Files are stored flat in `cache_dir` with the naming convention:

```
{cache_dir}/{YYYYMMDD}_{CC}_{FFF}.grib2
```

cfgrib generates an index sidecar (`*.idx`) automatically. Include `*.idx` in cleanup if you evict GRIB files. The library does not manage cache eviction.

## Error Handling

| Situation | Exception |
|-----------|-----------|
| HTTP 404 — cycle not yet published | `GribNotPublishedError` |
| 5xx, network error, timeout | `GribDownloadError` |
| cfgrib can't parse the file | `GribCorruptError` |
| `cache_dir` unwritable | `OSError` (unchanged) |

Downloaded files are verified for completeness (`Content-Length` match) and GRIB2 framing (`GRIB` head, `7777` tail) before being committed to the cache.
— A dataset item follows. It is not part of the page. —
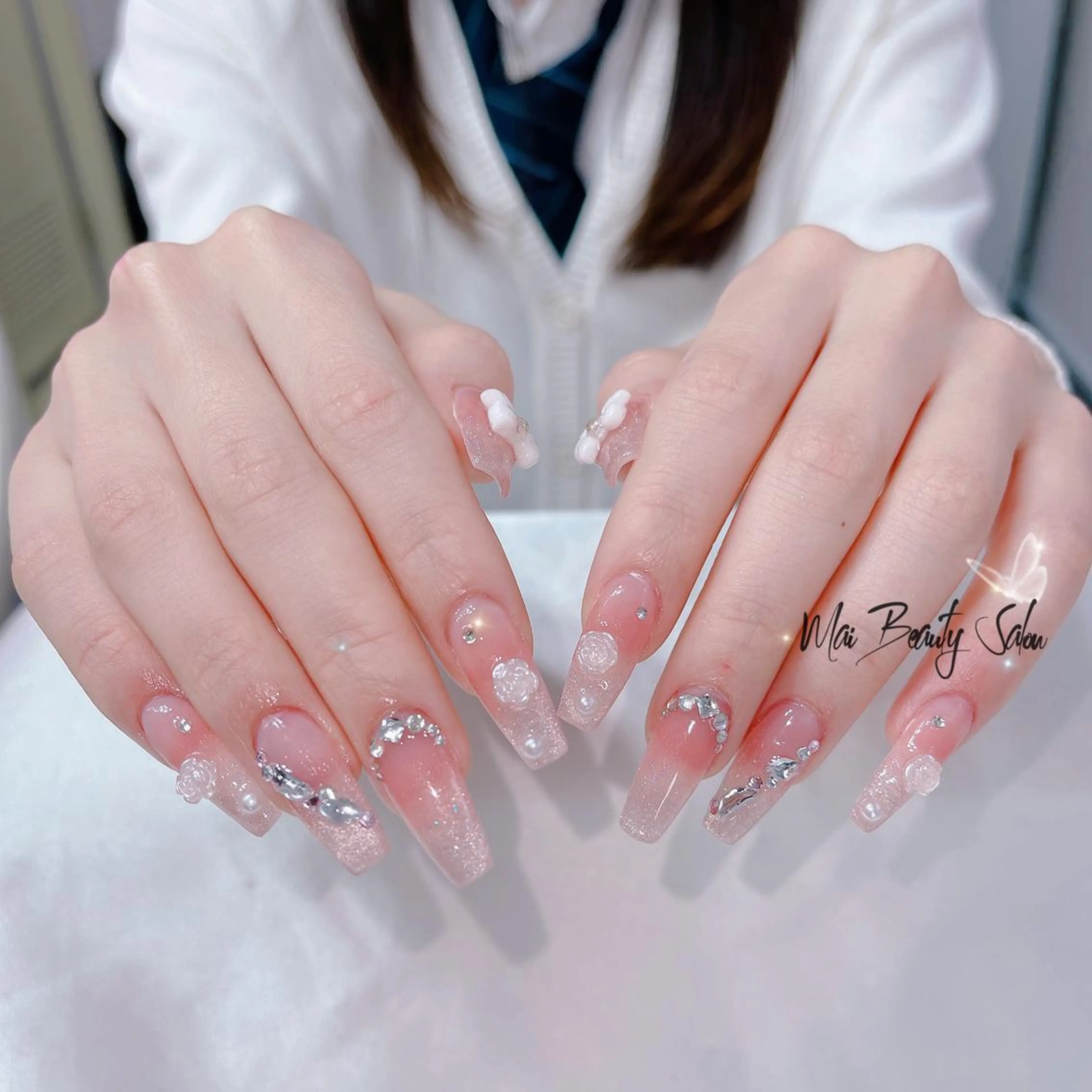 ネイル オーロラネイル チークネイル 長さ出し フラッシュネイル フットネイル MaiBeauty HaNaのネイルデザイン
A mismatch raises `GribCorruptError` and the `.partial` file is discarded so the cache stays clean.

## Limitations

- Wave model only (no GFS atmospheric, HRRR, NAM, RTOFS)
- No async API
- Local filesystem cache only (no S3 / R2)
- Nearest-neighbor extraction only (no interpolation)
- No automatic retry — callers own retry logic

## Development

The library is built with hatchling; dev and CI use uv for fast, reproducible installs.

```bash
git clone https://github.com/fbenevides/noaa-gfs-wave
cd noaa-gfs-wave
uv sync --all-extras
uv run pytest
uv run ruff check .
```

End-users who aren't on uv can still install with pip:

```bash
pip install noaa-gfs-wave
```

## License

MIT — see [LICENSE](LICENSE).

## Attribution

GFS wave data is provided by NOAA and is in the public domain. This library is not affiliated with NOAA.